Postal card indicia are valid for postal cards they are printed on. Sometimes, when the indicia on a card is mistakenly not canceled, the indicia is cut out and pasted onto a mailable item, usually a first class letter. This practice is not sanctioned by the post office, however many examples can be found as frugal users of the postal system used whatever postage they had to mail letters.

Thomas Jefferson was not only president and a statesman, he was also a naturalist. He had a keen interest in prehistoric life (fossils) as well as archaeological objects found throughout the United States. His support for expeditions to both map the country and find historical artifacts or fossil remains is unparalleled by any other president.

Jefferson Postal Card Indicia Cut-out

Jefferson Postal Card Indicia Cut-out

This local rate letter mailed within the city of Buffalo, New York on 4 June, 1928 used a Thomas Jefferson postal card indicia cutout to pay the postage. In this case, postal system personnel caught the attempt and assessed the letter two cents postage due as indicated by the manuscript notation. A precanceled postage due stamp of Buffalo, N.Y. was applied to indicate the missing postage was paid.

Fossil, Oregon – Postage Dues

Postage due stamps are also part of the postage stamp stock the postmaster at Fossil, Oregon can use. To reduce the time and effort of canceling stamps, the same precancel device as used on regular postage stamps (see the article on Fossil, Oregon precancel stamps) was used on postage due stamps.

Fossil, Oregon Postage Due Cover

Fossil, Oregon Postage Due Cover

The first class surface letter rate increased from 10¢ to 13¢ on 31 December, 1975. This cover is dated 11 January, 1976 and has a manuscript marking indicating three cents is the amount of postage still due. A total of three cents in postage due stamps was applied to conform to the new rate.

Owens-Illinois Glass Company

The Owens-Illinois Glass Company of Toledo, Ohio utilized illustrated advertising indicia (slugs) in their postage meters from 1939 through 1941. The images depicted “The History of Glass” and sbowed various scenes of man discovering and making glass as well as using it for various purposes. For the collector of archaeological subjects, this is a gold mine as Phoenician and Egyptian cultures are both represented in addition to prehistoric man. The text in the first of the series reads “Primitive Man Discovers Nature’s Glass” and shows a club carrying prehistoric man looking at a piece of obsidian he’s holding. To my knowledge, this is the earliest image of a prehistoric human in philately.

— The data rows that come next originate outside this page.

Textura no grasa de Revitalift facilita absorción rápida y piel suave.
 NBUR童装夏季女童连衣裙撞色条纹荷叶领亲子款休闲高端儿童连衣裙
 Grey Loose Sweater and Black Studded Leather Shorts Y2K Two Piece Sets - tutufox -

History of Glass - Postage Meter Sample

History of Glass – Postage Meter Sample

A favor imprint with a value of zero (.00) cents on meter tape of the National Postage Stamp Meter Company is shown above. The meter serial number is N.P.M. No 6131. These samples were often made available to the company’s prospective clients. They are NOT specimens as many collectors or dealers may have them labeled. An official specimen includes the text “Specimen”.

XVI International Congress on Anthropology and Prehistoric Archaeology

A service cover from the Secretary General of the XVI (16th) International Congress on Anthropology and Prehistoric Archaeology held in the Paris, France School of Anthropology.

XVI Congress Service Cover

XVI Congress Service Cover

Cover is dated 26 December 1934 – what a wonderful Christmas present that would have been!

Perfin from Sinclair Refining Company

The term ‘Perfin’ is a contraction of the words “perforated initials”. That’s a bit odd as it really doesn’t explain much about what that has to do with postage stamps. The official collector’s society for these types of stamps is The Perfins Club. Their definition is a simple one and much better stated than I can!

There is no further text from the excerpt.